Believe it or not, your views and attitudes about money can, and will, shape the way you make decisions about how much money you make or lose.
More often than not, our everyday decisions—what to buy or sell, how much to invest or save, how we make decisions on spending and/or investments—they're all consciously or sub-consciously based on what we perceive money to be, or how we make our money decisions.
Many people are brought up with the notion that "money is the root of all evil", or that "money can't buy you happiness". It is therefore not surprising that most people make bad judgement calls when it comes to spending or investing their money funds.
I've always been dead set against any notion that money is a "bad" thing to have. In my opinion, anyone who thinks "money can't buy you happiness" either has a lack of it, or has never experienced what it is like to have excess funds and money resources that allows him/her to purchase material tangibles that can directly or indirectly make them happy because they're better off than without.
Robert Kiyosaki, author of Rich Dad, Poor Dad puts a nice perspective: it is the lack of money that is the root of all evil. Odd that there are people who actually feel guilty about having money in their hands, and one reprieve is to try to get rid of their excesses instead of thinking how to further increase their resources on the one hand, yet at the same time, they constantly fret and wonder why is it that they never seem to get enough of money—particularly at times when they face an urgent need to cough up cash or have liquidity issues.
Here's a thought: money is neutral. It is a tool, an instrument, and a vehicle to help you get from point to point in your life, and enables you to have more options when it comes to lifestyle choices.
Not surprising too, that in light of the current financial crisis, many people find themselves not having enough to spend even on daily necessities, and surveys have indicated more than half the working population in Singapore don't have emergency funds (normally benchmarked at three times of their current salaries).
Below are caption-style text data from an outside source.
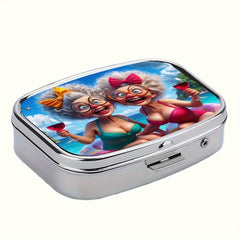 Grandma Pill Organizer Metal Dual Compartment 1pc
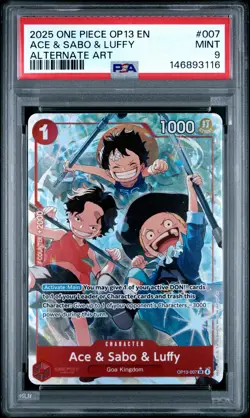 2025 ONE PIECE OP13-CARRYING ON HIS WILL ALTERNATE ART ACE & SABO & LUFFY PSA 9 - Image 1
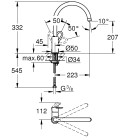 Смеситель для кухни GROHE Start Loop с высоким C-образным изливом, хром (31374001)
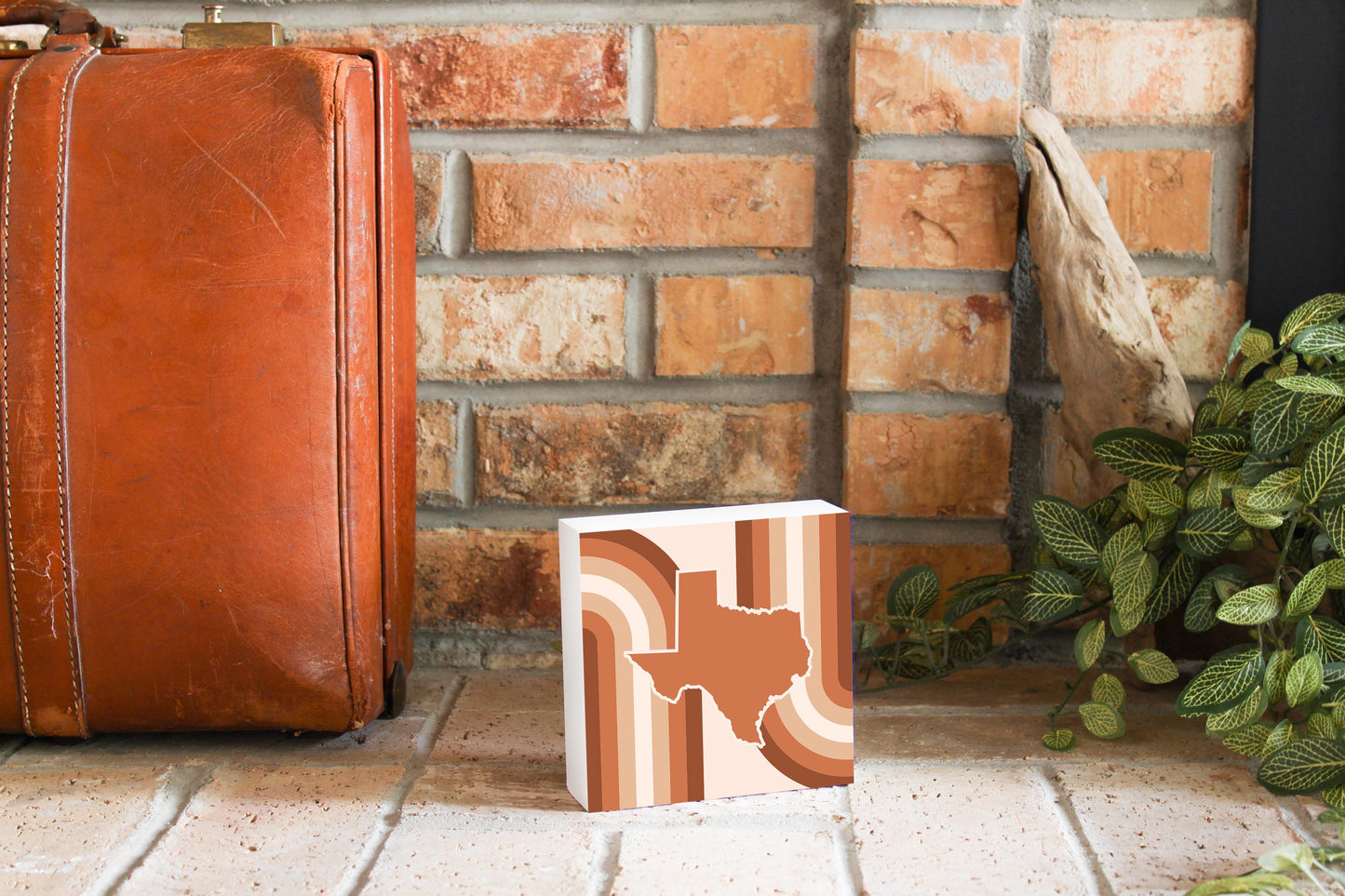 Modern Minimalist Texas State Shape Retro Lines | Wood Block | Eaches | Min 4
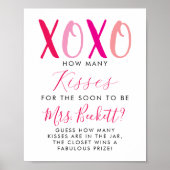 Valentijnsdag Vrijgezellenfeest hoeveel kussen spe Poster (Voorkant)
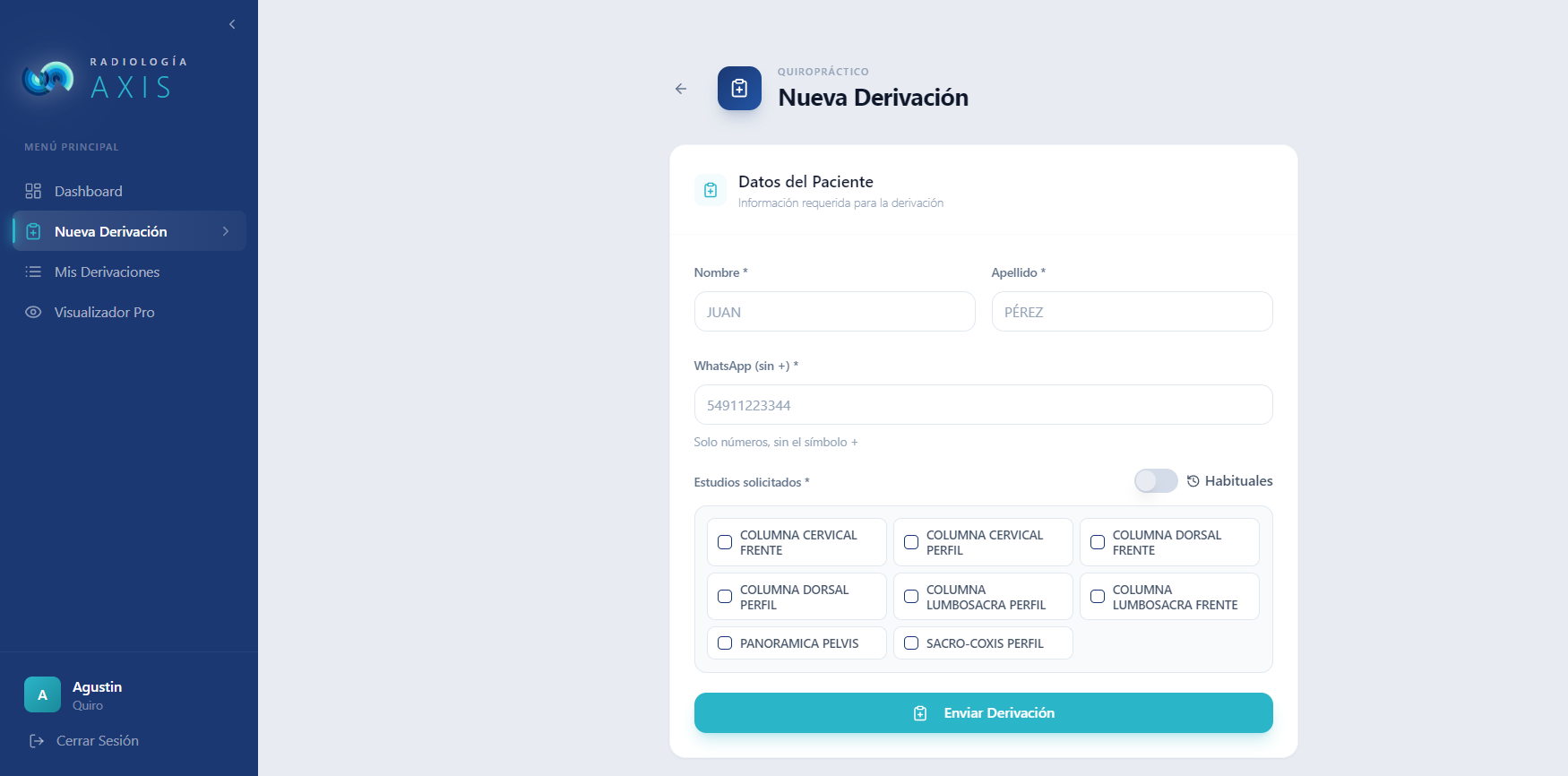 Panel de Nueva Derivación — datos del paciente y selección de estudios solicitados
So if anything should happen, like getting retrenched or should they resign from their current jobs, people get stuck in embarrassing financial situations—and I see that in many clients, particularly those in the 20-30 year old age group: the young executives trying to make their mark in their careers, and too caught up chasing the 4Cs (condo, car, club membership and cash) that pretty much shapes your social status here in Singapore (or most of Asia).
We get too caught up in consumerism and material pursuits, and on the one hand, while we would like to accumulate wealth, on the other, we give in to flashy advertisements and commercials who tell you to spend now and worry about money issues later.
Note that while I say money can buy you happiness, I would like to emphasise the need for informed choices and smart money spending and investing. For many young consumers who just joined the working world, they seem to get the notion they are infallible—I'm young enough to continue working for a long time, so why not buy whatever I want? Interestingly, it's this 20-30 year old age group of consumers who have virtually no savings or investments in financial products that help them accumulate future spending power, and HR professionals will tell you that this is also the age group that face the prospect of facing their first job retrenchments within the first 5 years of their careers—a worrying thought, if you asked me.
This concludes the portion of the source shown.